Social Justice Month: "Race, Memorialization and Legacy"

TueOct17
- SAAHP 132

Featured guest speaker Calvin White Jr. will join a panel discussion with Roger Williams University professors Julian Bonder, Autumn Quezada-Grant and Aaron Allen. Sponsored by the RWU Office of the President, RWU Chief Diversity Officer, Dean of the School of Humanities, Arts and Education, and the RWU Department of History and American Studies.

Dr. Calvin White Jr. is chair of the Department of History at the University of Arkansas. and previously served as director of the African and African American Studies Program. Dr. White, received his Ph.D. from the University of Mississippi and his area of focuses are the U.S. South, with a concentration on the African American experience, and he also explores the ways that religion, music, and other cultural variables influenced the development of black identity in the Arkansas and Mississippi Delta.

A professor of Architecture at Roger Williams University, Julian Bonder is an award-winning architect dedicated to work on memory, monuments and public space often working outside the traditional boundaries of architecture.
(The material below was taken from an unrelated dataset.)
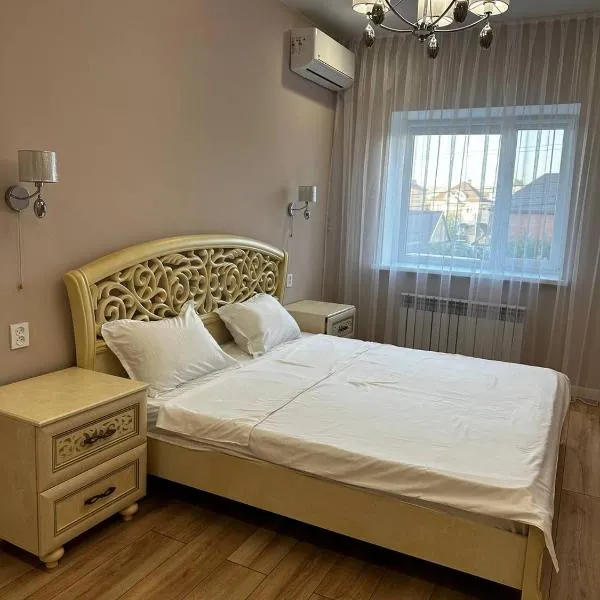 Новая квартира на Галактике, hotel in Oral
Born in New York, Professor Bonder grew up in Buenos Aires, Argentina, and received architecture degrees from Universidad de Buenos Aires and Harvard University. His Cambridge-based firm, Wodiczko + Bonder, designed the Memorial to the Abolition of Slavery in Nantes, France, which opened to public acclaim and received praise from the Prime Minister of France.

Dr. Autumn Quezada-Grant is an Associate Professor of Latin American History at Roger Williams University. Professor Quezada-Grant, a native of Louisiana, received her Ph.D. from the University of Mississippi, where she studied issues of rights struggles, race, ethnicity and the Atlantic World. She has published on Indigenous rights struggles in Mexico and currently teaches and researches on social justice issues related to race and equality in the Dominican Republic.

Dr. Aaron Allen, Assistant Professor of American Studies at Roger Williams University. Dr. Allen a native of California received his Ph.D. from the University of Maryland and specializes in race studies, particularly issues connected to bi-racial and multi-cultural identities.